The goal of machine learning is to teach machines (software) to carry out tasks by providing them with a couple of examples (that is, examples of how to do or not do the task). Let's assume that each morning when you turn on your computer, you perform the same task of moving emails around so that only emails belonging to the same topic end up in the same folder. After some time, you might feel bored and think of automating this chore. One way would be to start analyzing your brain and write down all the rules and decisions that your brain processes while you are shuffling your emails. However, this will be quite cumbersome and always imperfect. While you will miss some rules, you will overspecify others. A better and more future-proof way of doing this would be to automate this process by choosing a set of email meta information and body/folder name pairs and letting an algorithm come up with the best rule set. The pairs would be your training data, and the resulting rule set (also called a model) could then be applied to future emails that you have not yet seen. This is machine learning in its simplest form.
Of course, machine learning is not a brand new field in itself. Quite the contrary: its success in recent years can be attributed to the pragmatic way that it uses rock-solid techniques and insights from other successful fields, such as statistics.
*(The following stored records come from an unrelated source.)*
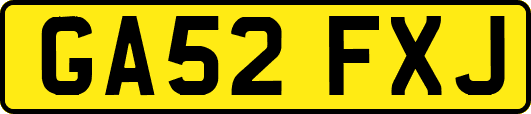 GA52FXJ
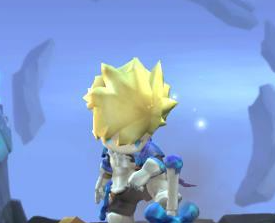 《快跑大冒险》巨刃骑士技能属性分享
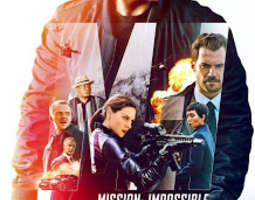 Arvostelu: Mission: Impossible - Fallout (2018)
In these fields, the purpose is for us humans to get insights into the data—for example, by learning more about the underlying patterns and relationships within it. As you read more and more about successful applications of machine learning (you have checked out www.kaggle.com already, haven't you?), you will see that applied statistics is a common field among machine learning experts.
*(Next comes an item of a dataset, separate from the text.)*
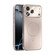 iPhone 17 Pro Max ABEEL Heat Dissipation Frosted MagSafe Phone Case with Lens Film - Rose Gold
As you will see later, the process of coming up with a decent machine learning approach is never easy. Instead, you will find yourself going back and forth in your analysis, trying out different versions of your input data on diverse sets of machine learning algorithms. It is this exploratory nature that lends itself perfectly to Python. Being an interpreted, high-level programming language, it seems that Python has been designed exactly for this process of trying out different things. What is more, it even does this fast. Sure, it is slower than C or many other natively compiled programming languages. Nevertheless, with the myriad of easy-to-use libraries that are often written in C, you don't have to sacrifice speed for agility.